Task instructions: A picture-free, exact copy of all the records below is the goal.

Stored items from a collection:
★ ★ ★ ★ ★ ★ ★

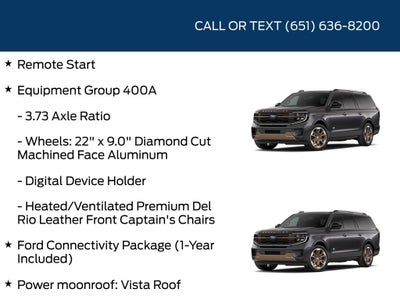 2026 Ford Expedition Max King Ranch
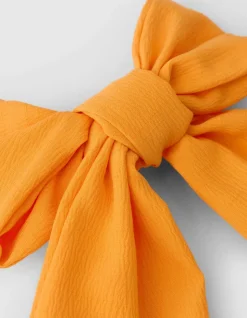 Strik Haarclip Oranje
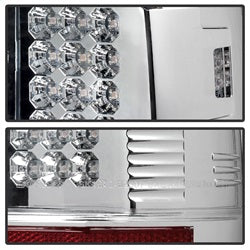 Spyder Auto - Tail Lights - Chrome - 5003904 - MST Motorsports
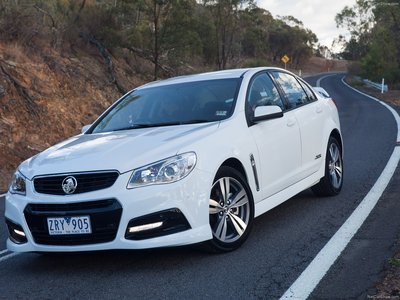 Holden VF Commodore 2014 poster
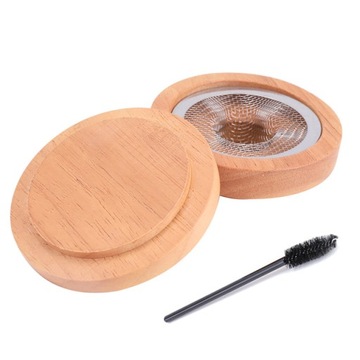 Pudełko Whisky Bourbon Cocktail Smoker Kit z wióra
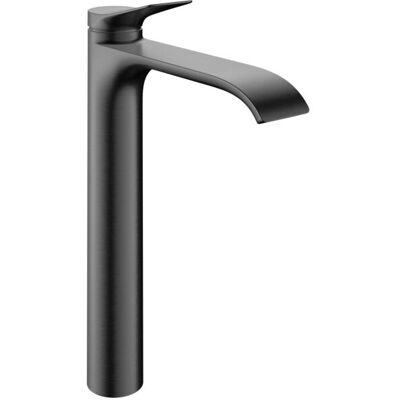 Hansgrohe Vivenis Waschtischarmatur 75044340 Ausladung 191mm, mit Zugstangen-Ablaufgarnitur, brushed black chrome Hansgrohe Vivenis Waschtischarmatur 75044340 Ausladung 191mm, mit Zugstangen-Ablaufgarnitur, brushed black chrome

★ ★ ★ ★ ★ ★ ★

Task answer:
 2026 Ford Expedition Max King Ranch
 Strik Haarclip Oranje
 Spyder Auto - Tail Lights - Chrome - 5003904 - MST Motorsports
 Holden VF Commodore 2014 poster
 Pudełko Whisky Bourbon Cocktail Smoker Kit z wióra
 Hansgrohe Vivenis Waschtischarmatur 75044340 Ausladung 191mm, mit Zugstangen-Ablaufgarnitur, brushed black chrome Hansgrohe Vivenis Waschtischarmatur 75044340 Ausladung 191mm, mit Zugstangen-Ablaufgarnitur, brushed black chrome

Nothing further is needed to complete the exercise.